So what’s being offered to us?
* No salary increase for the 20 months that the company dragged out the negotiations. Instead, the company offered a 3% one-time signing “bonus.” That is less than the inflationary-erosion to our wages that took place during stupefying delays engineered by the company.
* A mirage increase for years 3, 4, and 5, beginning April 1, 2013. The increase is described as “2%” but only a small number of the lowest paid people will actually get that much. That’s because the proposal would increase the “scale” wages listed in the contract by 2%, but most people in mid-career are making more than “scale.” So what is the true increase?
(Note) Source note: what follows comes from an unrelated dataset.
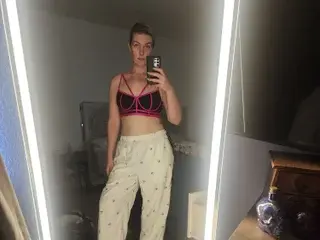 Streamate Live Sex Cam of CaliLovin85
Your mileage may vary, but it is likely to be a bit more than 1% and nowhere near 2%..
* Even a true 2% increase would not have kept us even against inflation; the far more realistic figure of a 1.5% increase will mean continued, drastic wage erosion. (Check the price of a metrocard or a gallon of gas lately?)
* The biggest hit: Don’t forget that our compensation includes wages and benefits, including payments made by the company to a retirement plan. Leaving aside entirely what form our retirement benefits take (pension, alternative pension, 401k, etc), look carefully at what is happening here. The retirement contribution — if we are lucky — will be cut by 31%: it goes from the current 9.5% of wages to 6.6%. For an employee whose salary is $100,000, that means $2,900 a year less. And there’s a big but with that. That cut applies only if the Guild’s novel retirement plan is approved by the IRS sometime in the next year. If it’s not approved, our retirement benefit will be cut to 3% of wages in a 401k plan. So we have a definite cut of $2,900, and a worst but not implausible case in which the retirement contributions are cut by $6,500 a year.
* On the positive side: the health care plan has been buttressed, and we will be eligible for a bonus of 1% to 2% of our actual (not scale) salaries if the company achieves certain targets. It’s good, but do not be deluded: most years, that still won’t add up to an inflation level wage increase. Another sound development: the digital work week has been reduced from 40 to 35 hours. That will be meaningful only if digital employees are rigorous in keeping to that schedule, and billing for every hour beyond 35. (Contrary to Terry Hayes’s remark that our hours are out of step with the American workforce, the NYT newsroom is filled with people who put in much more time than they are paid for. It was a malignantly ignorant statement.)
In short: every day that you come to work between now and April 2016, you will make less in real dollars than you did the day before.
Once, companies like The Times had to invest hundreds of millions of dollars in printing plants, in trucks, even in forests to produce their product and make sure it got to the readers on time. Now, we write, photograph, illustrate and edit the news; we print it; we deliver it with a push of the button. We protect the building. We sell the ads.
Paid circulation is up 40% over last year.
Had Arthur Sulzberger said to almost any of us, the company needs money, he would not have had to finish the sentence, and it would have been his.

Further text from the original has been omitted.